*** DATA SECTION ***

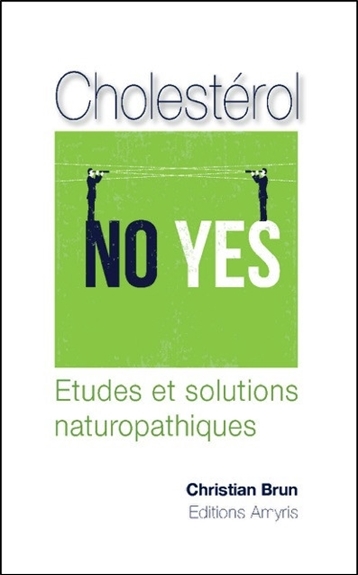 Cholestérol : no, yes : études et solutions naturopathiques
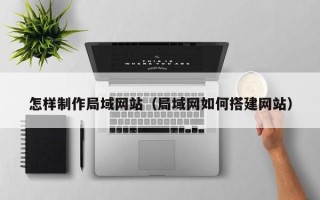 宁夏怎样制作局域网站（局域网如何搭建网站）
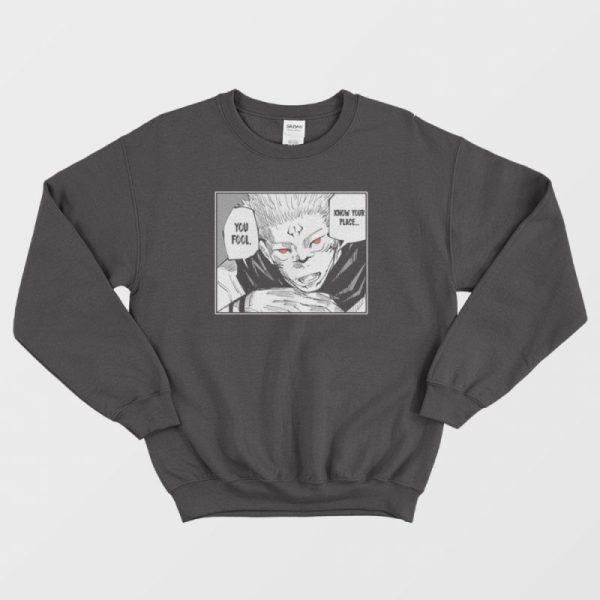 Sukuna Ryomen Quotes Sweatshirt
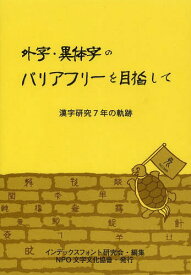 外字・異体字のバリアフリーを目指して 漢字研究7年の軌跡[本/雑誌] (単行本・ムック) / インデックスフォント研究会/編集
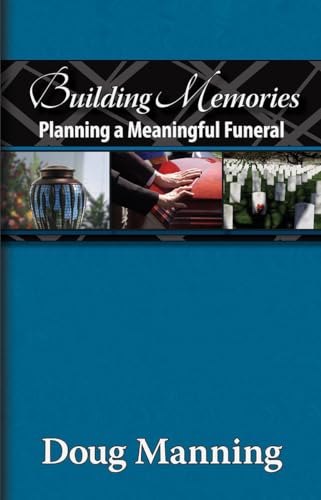 Stock image for Building Memories, Planning a Meaningful Funeral for sale by Wonder Book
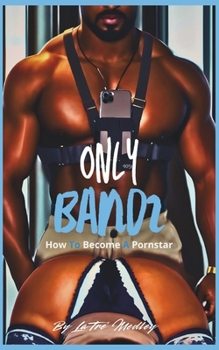 OnlyBandz: How To Become A Pornstar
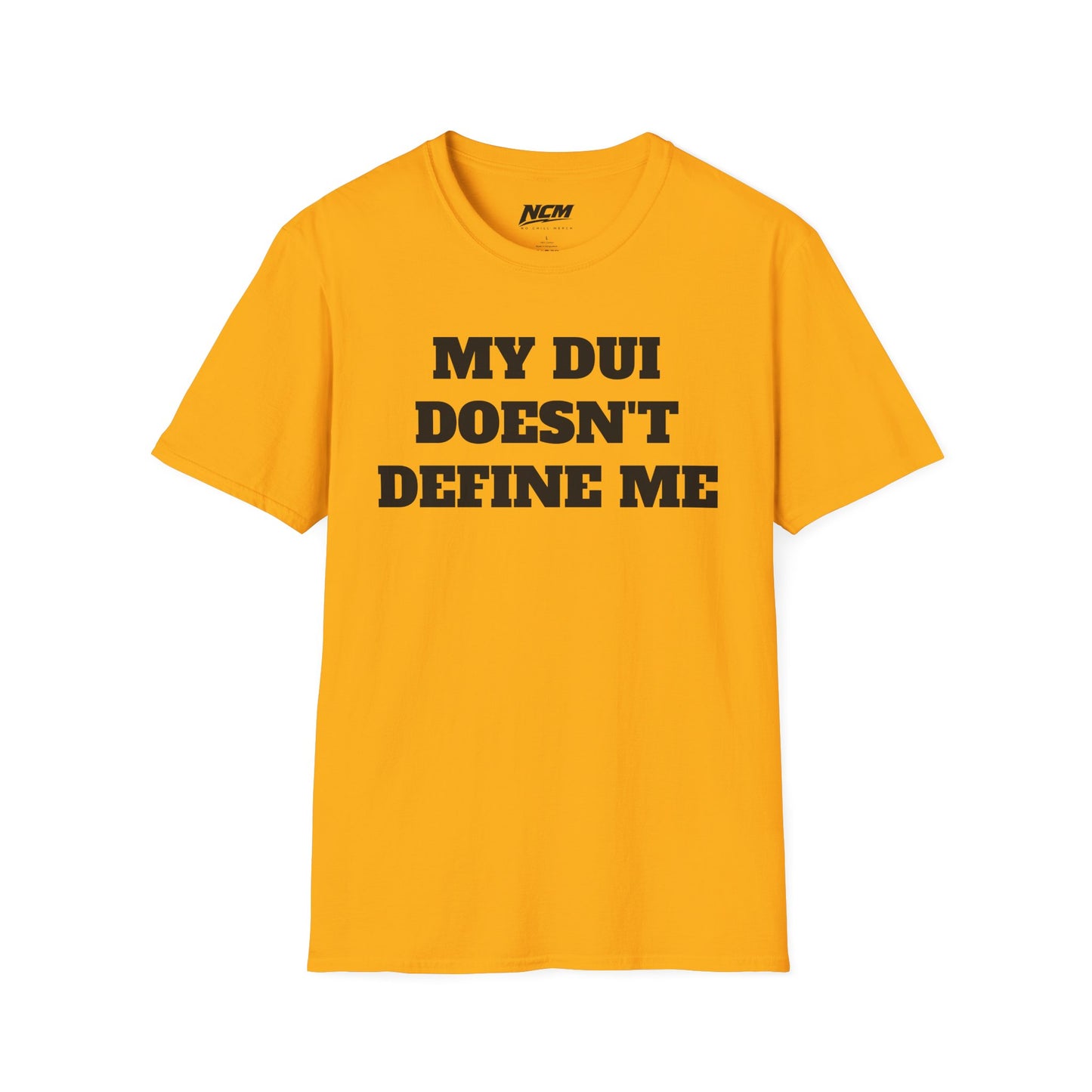 My DUI Doesn't Define Me T Shirt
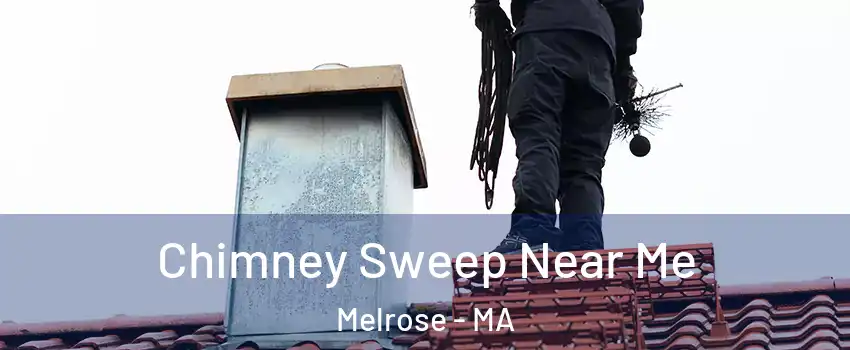  Chimney Sweep Near Me Melrose - MA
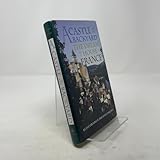 A Castle in the Backyard: The Dream of a House in France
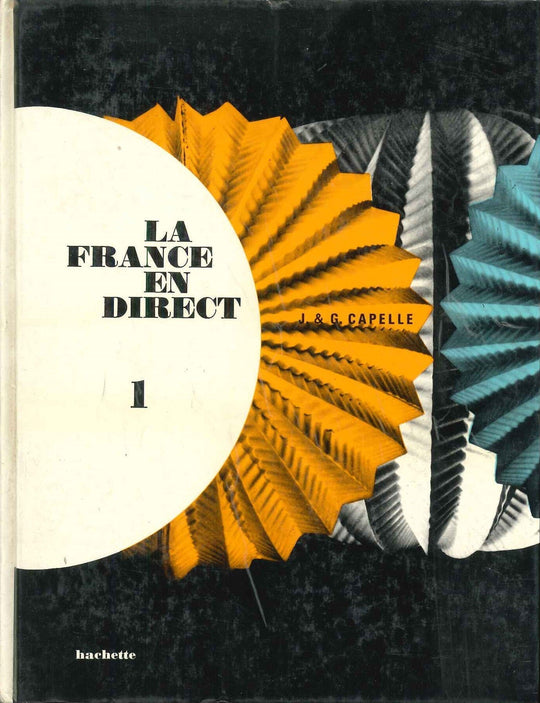 La France En Direct 1 J &amp; G Capelle General Books | المعرض المصري للكتاب EGBookfair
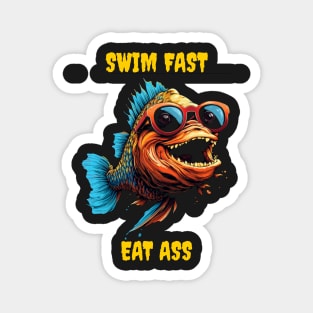 Swim fast eat ass Magnet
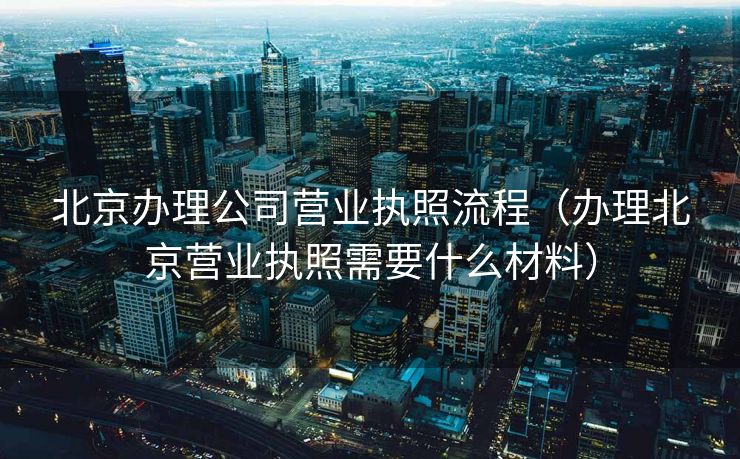 北京办理公司营业执照流程（办理北京营业执照需要什么材料）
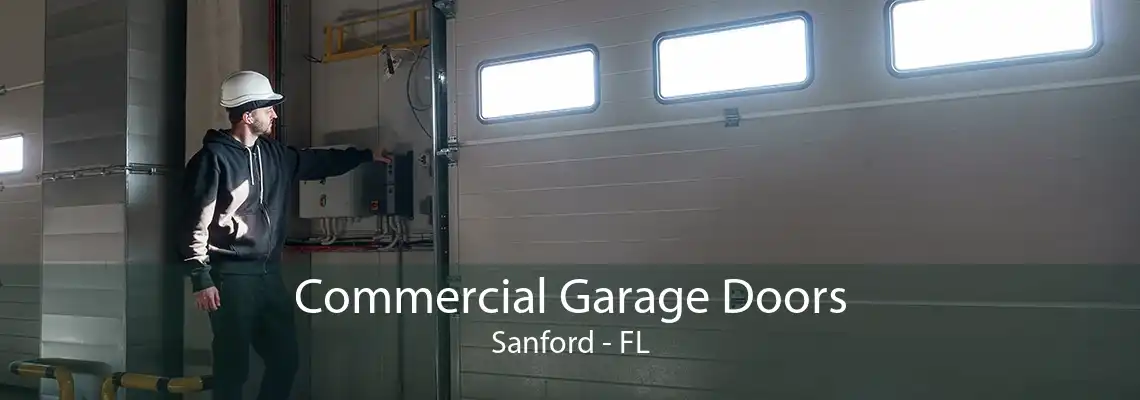 Commercial Garage Doors Sanford - FL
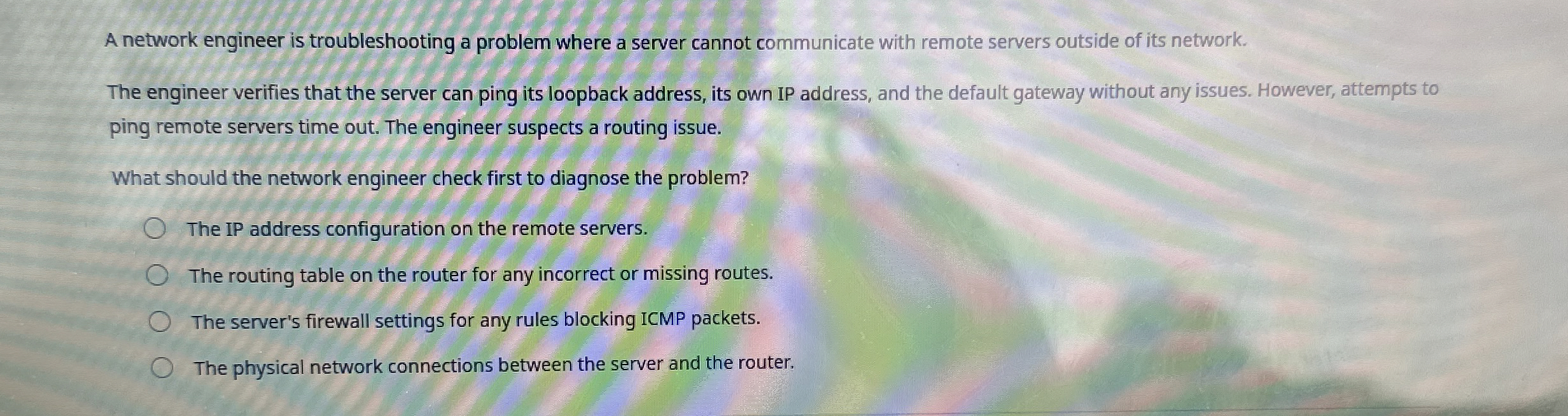  A network engineer is troubleshooting a problem where a server cannot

***

The response must repeat exactly the lines above from the one with "外字・異体字のバリアフリーを目指して 漢字研究7年の軌跡[本/雑誌] (単行本・ムック)" through the one with "La France En", including both, and must contain no pictures and no other text.

 外字・異体字のバリアフリーを目指して 漢字研究7年の軌跡[本/雑誌] (単行本・ムック) / インデックスフォント研究会/編集
 Stock image for Building Memories, Planning a Meaningful Funeral for sale by Wonder Book
 OnlyBandz: How To Become A Pornstar
 My DUI Doesn't Define Me T Shirt
  Chimney Sweep Near Me Melrose - MA
 A Castle in the Backyard: The Dream of a House in France
 La France En Direct 1 J &amp; G Capelle General Books | المعرض المصري للكتاب EGBookfair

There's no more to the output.